The task
Reproduce, from the lines below, exactly the stretch that begins at the line containing "Minecraft Skins" and ends at the line containing "MagnaFlow 07-08 Mini", both included.

#### Data listing

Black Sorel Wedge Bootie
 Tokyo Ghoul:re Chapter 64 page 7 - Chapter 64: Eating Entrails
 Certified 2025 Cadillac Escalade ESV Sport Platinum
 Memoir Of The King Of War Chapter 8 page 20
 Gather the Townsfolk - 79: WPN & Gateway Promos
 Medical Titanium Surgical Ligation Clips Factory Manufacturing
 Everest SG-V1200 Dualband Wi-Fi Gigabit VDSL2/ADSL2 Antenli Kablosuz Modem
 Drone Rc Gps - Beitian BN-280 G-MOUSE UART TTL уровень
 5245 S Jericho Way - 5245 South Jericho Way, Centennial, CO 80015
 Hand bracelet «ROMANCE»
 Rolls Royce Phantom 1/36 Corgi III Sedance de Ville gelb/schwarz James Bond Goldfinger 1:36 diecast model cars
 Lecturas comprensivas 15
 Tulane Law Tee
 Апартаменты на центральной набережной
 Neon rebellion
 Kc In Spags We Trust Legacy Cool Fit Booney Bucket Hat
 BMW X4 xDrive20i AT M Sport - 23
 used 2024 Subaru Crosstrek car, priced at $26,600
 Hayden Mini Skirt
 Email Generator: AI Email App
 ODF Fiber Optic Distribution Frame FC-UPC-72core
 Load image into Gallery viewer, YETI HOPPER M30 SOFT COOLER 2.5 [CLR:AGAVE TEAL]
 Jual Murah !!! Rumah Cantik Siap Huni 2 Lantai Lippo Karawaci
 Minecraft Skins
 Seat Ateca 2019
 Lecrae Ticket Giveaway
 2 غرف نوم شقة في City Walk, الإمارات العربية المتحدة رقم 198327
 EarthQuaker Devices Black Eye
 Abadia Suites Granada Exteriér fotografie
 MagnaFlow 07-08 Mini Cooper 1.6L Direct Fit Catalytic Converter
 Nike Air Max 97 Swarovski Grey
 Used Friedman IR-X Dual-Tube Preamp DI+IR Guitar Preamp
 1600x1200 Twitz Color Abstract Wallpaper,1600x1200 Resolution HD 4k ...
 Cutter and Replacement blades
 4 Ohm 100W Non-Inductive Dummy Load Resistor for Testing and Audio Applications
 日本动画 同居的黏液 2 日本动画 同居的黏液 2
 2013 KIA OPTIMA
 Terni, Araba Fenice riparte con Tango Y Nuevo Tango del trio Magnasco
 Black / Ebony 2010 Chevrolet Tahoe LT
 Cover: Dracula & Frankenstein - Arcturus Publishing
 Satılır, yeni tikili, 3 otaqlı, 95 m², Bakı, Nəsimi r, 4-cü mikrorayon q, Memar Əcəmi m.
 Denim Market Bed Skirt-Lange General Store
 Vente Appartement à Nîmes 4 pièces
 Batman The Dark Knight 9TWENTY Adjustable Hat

########

Response to the task
 Minecraft Skins
 Seat Ateca 2019
 Lecrae Ticket Giveaway
 2 غرف نوم شقة في City Walk, الإمارات العربية المتحدة رقم 198327
 EarthQuaker Devices Black Eye
 Abadia Suites Granada Exteriér fotografie
 MagnaFlow 07-08 Mini Cooper 1.6L Direct Fit Catalytic Converter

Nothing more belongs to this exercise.